July 2, 2012 — New research has prompted the U.S. Food and Drug Administration (FDA) to warn about the risks of using Proton Pump Inhibitor (PPI) acid reflux drugs for extended periods of time.
Although the drugs are only indicated for 8-12 weeks, some people take them for years or indefinitely. In 2010, more than 100 million prescriptions were written for PPIs such as Nexium, Prevacid, and Prilosec, Aciphex, Vimovo, and more. In 2010, sales of these drugs were nearly $14 billion.
Unfortunately, in recent years, there has been a growing amount of scientific research linking long-term use of PPIs to serious side effects. The FDA recently warned that PPIs could increase the risk of bone fractures of the hip, wrist, and spine, especially in older Americans. They also warned of a life-threatening bacterial infection from Clostridium difficile. Other studies have linked PPIs to an increased risk of nutritional deficiencies, anemia, pneumonia, and weight gain.
Experts had hoped that widespread use of PPIs might reduce the risk of a type of esophageal cancer that is linked to acid reflux, known as esophageal adenocarcinomas. Instead, these cancers are more common today.
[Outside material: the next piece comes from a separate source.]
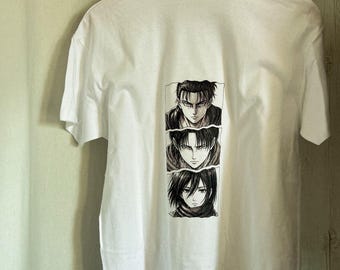 Normal geschnittenes T-Shirt aus 190 g Baumwolle – Geschenkidee für Manga-Fans – Attack on Titan-Design – Lässiges Shirt – Outfit für Manga-Liebhaber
Severe nutritional deficiencies are a risk of long-term use of PPIs. With less stomach acid, the body is unable to adequately extract nutrients and absorb them. PPIs are associated with deficiencies in magnesium, calcium, and vitamin B12.
Another issue is that the stomach compensates for a lack of stomach acid by creating more acid-producing cells. If the person stops taking the PPI, they may have even more acid-producing cells than when they started taking the drug. Severe acid reflux may make it very difficult to stop taking a PPI.
Stomach acid also plays a role in other body systems other than the stomach. The pancreas and gallbladder require normal levels of stomach acid. It also kills harmful bacteria that enter the gut, which may play a role in the body’s immune system. Coughing is also stimulated by stomach acid, which can help clear the lungs.
Some researchers are concerned that PPIs may be over-prescribed. Dr. Joel J. Heidelbaugh conducted a study in which he reviewed the medical records of 1,000 Veterans Affairs patients who were on a PPI. He found that only one-third of the people actually had a diagnosis that needed treatment with a PPI.
Many people who have acid reflux can treat their disorder by making changes to their lifestyle and diet. Over-production of stomach acid is often caused by eating foods that cause heartburn.